- **EXERCISE DIRECTIONS**:
Could you show each line of the records that contains the word "thumbnail"?

[Crawled caption data]
_ _ _ _

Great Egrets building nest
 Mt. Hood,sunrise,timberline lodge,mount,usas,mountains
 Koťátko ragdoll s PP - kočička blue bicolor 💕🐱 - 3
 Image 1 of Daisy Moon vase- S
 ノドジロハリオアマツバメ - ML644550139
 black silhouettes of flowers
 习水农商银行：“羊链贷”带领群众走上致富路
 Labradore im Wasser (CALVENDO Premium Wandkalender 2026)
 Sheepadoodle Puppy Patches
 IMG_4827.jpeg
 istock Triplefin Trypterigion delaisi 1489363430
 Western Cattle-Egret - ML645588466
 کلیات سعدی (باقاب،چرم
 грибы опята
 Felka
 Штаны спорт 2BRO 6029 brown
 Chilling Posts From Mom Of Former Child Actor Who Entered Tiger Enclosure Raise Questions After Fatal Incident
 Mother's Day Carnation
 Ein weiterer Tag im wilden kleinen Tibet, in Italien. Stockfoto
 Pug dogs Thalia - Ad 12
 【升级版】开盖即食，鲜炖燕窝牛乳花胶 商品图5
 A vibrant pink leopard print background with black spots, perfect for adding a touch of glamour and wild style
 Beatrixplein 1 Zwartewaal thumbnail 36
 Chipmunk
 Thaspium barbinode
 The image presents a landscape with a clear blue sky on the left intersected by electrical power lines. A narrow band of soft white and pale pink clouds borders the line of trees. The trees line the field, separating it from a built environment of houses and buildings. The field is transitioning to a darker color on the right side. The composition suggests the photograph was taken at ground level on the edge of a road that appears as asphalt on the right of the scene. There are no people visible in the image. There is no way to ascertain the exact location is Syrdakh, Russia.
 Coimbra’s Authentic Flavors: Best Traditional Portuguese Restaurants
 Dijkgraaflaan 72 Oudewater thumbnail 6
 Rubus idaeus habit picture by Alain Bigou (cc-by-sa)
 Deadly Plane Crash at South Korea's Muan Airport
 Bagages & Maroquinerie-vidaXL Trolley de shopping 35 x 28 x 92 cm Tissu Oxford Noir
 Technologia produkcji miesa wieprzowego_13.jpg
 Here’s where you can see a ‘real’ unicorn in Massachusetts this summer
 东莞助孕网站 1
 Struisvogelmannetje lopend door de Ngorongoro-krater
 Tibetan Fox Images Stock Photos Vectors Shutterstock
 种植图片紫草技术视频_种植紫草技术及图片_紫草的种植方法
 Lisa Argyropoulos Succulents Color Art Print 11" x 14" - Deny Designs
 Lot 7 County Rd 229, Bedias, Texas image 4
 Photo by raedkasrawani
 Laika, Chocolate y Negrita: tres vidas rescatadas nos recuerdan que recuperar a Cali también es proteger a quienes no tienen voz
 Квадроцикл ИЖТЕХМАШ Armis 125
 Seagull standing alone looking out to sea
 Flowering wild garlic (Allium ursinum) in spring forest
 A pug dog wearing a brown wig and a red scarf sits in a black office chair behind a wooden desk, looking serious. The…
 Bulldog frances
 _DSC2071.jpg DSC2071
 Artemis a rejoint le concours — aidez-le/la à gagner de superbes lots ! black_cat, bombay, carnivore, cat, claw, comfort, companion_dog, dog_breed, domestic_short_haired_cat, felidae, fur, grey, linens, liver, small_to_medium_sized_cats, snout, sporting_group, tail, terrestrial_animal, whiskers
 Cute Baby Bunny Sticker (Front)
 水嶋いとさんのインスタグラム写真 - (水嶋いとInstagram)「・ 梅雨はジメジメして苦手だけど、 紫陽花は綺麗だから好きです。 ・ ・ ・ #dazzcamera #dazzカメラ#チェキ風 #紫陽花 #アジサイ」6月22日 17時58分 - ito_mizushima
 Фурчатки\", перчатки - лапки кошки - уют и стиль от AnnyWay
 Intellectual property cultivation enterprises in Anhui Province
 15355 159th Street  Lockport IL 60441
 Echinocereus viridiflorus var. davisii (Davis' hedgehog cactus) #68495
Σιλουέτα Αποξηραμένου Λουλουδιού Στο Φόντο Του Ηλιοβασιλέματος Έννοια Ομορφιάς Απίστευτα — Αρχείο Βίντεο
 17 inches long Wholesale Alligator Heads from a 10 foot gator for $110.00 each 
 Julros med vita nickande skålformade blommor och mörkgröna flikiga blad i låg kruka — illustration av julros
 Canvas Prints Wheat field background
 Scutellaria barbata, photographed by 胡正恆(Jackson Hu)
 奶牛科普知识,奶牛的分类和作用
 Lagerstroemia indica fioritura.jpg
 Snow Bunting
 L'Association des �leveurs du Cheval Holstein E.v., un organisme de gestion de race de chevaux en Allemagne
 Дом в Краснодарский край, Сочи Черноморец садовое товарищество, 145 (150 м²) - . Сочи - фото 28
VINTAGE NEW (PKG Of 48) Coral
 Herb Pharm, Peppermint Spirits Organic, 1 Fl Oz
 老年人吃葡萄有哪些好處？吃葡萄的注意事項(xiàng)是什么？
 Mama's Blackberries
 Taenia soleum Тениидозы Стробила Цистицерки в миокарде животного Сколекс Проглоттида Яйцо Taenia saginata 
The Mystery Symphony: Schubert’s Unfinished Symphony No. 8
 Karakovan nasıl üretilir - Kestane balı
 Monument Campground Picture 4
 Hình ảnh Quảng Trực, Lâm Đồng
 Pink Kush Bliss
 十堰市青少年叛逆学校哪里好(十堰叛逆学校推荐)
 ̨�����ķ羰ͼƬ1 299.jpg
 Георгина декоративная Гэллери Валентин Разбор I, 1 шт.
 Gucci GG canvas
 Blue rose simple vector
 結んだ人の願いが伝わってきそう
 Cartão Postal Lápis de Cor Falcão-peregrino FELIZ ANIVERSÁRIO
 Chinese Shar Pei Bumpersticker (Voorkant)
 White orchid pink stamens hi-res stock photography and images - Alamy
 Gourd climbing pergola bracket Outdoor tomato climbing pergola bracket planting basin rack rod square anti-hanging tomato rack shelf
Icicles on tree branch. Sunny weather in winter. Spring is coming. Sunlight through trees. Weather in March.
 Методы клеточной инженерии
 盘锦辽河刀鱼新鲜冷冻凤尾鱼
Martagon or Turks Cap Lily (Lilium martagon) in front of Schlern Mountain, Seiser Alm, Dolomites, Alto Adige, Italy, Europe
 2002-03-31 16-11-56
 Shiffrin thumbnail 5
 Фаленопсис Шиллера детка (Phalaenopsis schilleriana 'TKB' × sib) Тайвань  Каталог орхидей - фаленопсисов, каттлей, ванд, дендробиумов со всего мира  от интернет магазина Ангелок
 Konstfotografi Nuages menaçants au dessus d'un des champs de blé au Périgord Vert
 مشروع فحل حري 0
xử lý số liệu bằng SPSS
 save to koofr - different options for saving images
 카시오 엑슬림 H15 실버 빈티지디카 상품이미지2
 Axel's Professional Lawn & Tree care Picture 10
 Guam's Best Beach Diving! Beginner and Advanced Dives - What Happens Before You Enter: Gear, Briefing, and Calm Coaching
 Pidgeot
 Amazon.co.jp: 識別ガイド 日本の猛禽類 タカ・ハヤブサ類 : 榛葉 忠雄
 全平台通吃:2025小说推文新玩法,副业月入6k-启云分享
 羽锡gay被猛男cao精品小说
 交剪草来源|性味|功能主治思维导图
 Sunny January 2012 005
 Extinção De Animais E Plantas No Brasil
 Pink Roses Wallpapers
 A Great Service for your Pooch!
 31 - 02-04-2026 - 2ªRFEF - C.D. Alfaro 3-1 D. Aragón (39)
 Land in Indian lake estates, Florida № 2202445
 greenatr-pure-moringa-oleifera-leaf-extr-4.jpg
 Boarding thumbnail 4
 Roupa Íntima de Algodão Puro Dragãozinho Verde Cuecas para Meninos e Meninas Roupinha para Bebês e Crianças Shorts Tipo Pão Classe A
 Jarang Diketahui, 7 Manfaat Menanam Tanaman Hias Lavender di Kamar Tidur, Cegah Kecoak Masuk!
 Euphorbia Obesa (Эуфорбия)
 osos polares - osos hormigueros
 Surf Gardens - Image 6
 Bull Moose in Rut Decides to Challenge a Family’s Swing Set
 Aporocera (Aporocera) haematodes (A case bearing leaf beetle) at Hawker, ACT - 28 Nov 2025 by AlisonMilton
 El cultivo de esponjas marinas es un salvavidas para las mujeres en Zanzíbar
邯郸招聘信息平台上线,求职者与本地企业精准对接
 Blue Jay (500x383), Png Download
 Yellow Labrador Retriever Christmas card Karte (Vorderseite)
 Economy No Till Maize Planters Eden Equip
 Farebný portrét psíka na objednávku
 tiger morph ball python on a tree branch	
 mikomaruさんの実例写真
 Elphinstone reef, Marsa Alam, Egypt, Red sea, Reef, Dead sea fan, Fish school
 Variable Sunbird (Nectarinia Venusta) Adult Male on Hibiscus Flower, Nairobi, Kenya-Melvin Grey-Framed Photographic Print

_ _ _ _

- **SOLUTION FOR THIS EXERCISE**:
 Beatrixplein 1 Zwartewaal thumbnail 36
 Dijkgraaflaan 72 Oudewater thumbnail 6
 Shiffrin thumbnail 5
 Boarding thumbnail 4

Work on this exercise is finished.